Los verdugos hablan y describen a sus victimas: Domingos Nunes, “de talla media, feo de cara, de cabellos negros y cortos, de tez morena”, Antonio da Fonseca Rego, “alto, cara delgada, tez pálida, cabellos negros y cortos”; luego cuentan a su vez sus historias y dudas religiosas. El trabajo de los jueces es lento, y antes de ser presentados en el estrado de los autos de fe, los condenados vestidos con el sambenito, la infamante túnica de penitencia, la investigación se prolonga, la rutina administrativa y la repetición sumarial están destinadas a obtener la confesión de las faltas de los presos. Por un “nanoanálisis” de lo cotidiano en las prisiones, el historiador examina así los minúsculos detalles de esta “lógica de las hogueras”, a través del estudio de los mecanismos de la acción de esta “maquina para arrancar confesiones” y la gramática de la práctica inquisitorial.
Vigilancia y denuncias
Seguimos a los acusados en el dédalo de los interrogatorios, conducidos de manera infatigable con el fin de inducirlos a traicionar a sus allegados, “engranaje irreprimible” para familias y amigos a quienes no les queda más que denunciarse entre sí para salvarse. Ya que “la larga experiencia marrana enseña que el valor supremo, el más sagrado, es la vida, no el martirio”. Luego, como por encima de los hombros de los guardianes que los espían, observamos a los prisioneros en sus celdas. Cada uno de sus actos es registrado, ayunos judaicos practicados a escondidas “desde el anochecer hasta el amanecer” en las oraciones y en los rituales: “Se puso de nuevo su sombrero y comenzó a caminar (…). Hacia las dos de la madrugada se arrodilló cerca del taburete,con el sombrero en la cabeza, frente a la puerta del calabozo. Allí, haciendo numerosos gestos con las manos, se inclinaba hacia el suelo, se golpeaba el pecho, y pronunciaba palabras que yo no podía escuchar.” Los mínimos detalles de su vida cotidiana son informados, hasta sus preparaciones culinarias: “Esperó que la mantequilla se fundiera, tomó condimentos de la cesta y cuatro pedazos de pan, que echó en la olla.

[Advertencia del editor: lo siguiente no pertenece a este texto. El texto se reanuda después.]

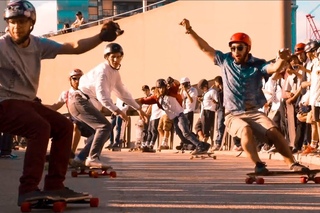 TORONTO BOARD MEETING!!! LONGBOARDING WITH HUNDREDS OF PEOPLE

Cuando vio el agua hirviendo, pidió dos huevos al prisionero de la chaqueta roja, rompió las cascarones y lanzó los huevos en el agua con dos pedazos de pan suplementarios.” Vigilancia y denuncias que anuncian la observación panóptica moderna, como ya lo había presentido Michel Foucault en sus trabajos sobre las prisiones y la lógica carcelaria.
Y es esto lo que interesa antes que nada a Watchel: demostrar la modernidad de la Inquisición. Así vuelve a poner la institución en la génesis del sistema totalitario, en el que encuentra uno de los orígenes de esta administración minuciosa y eficaz, presta a alentar la delación. El autor se defiende de cualquier anacronismo, y nos dejamos convencer sin dificultad de las posibles aproximaciones con los famosos análisis de Hannah Arendt. Pues “los Inquisidores no son monstruos: son funcionarios que generalmente realizan concienzudamente su oficio, creen en su misión, están convencidos de trabajar por el bien público, por la pureza de la fe cristiana. Y, al servicio de su creencia, de su fe, que es la de su sociedad en su inmensa mayoría, inventan y aplican métodos pioneros en su racionalidad policial”.
Magro consuelo, la violencia de la represión y la minucia sin falla de la “lógica de las hogueras” jamás lograrán “impedir la transmisión entre las victimas —hasta nuestros días, aunque sea fragmentada— de una memoria marrana”, de la que Nathan Wachtel se hace eco brillantemente una vez más.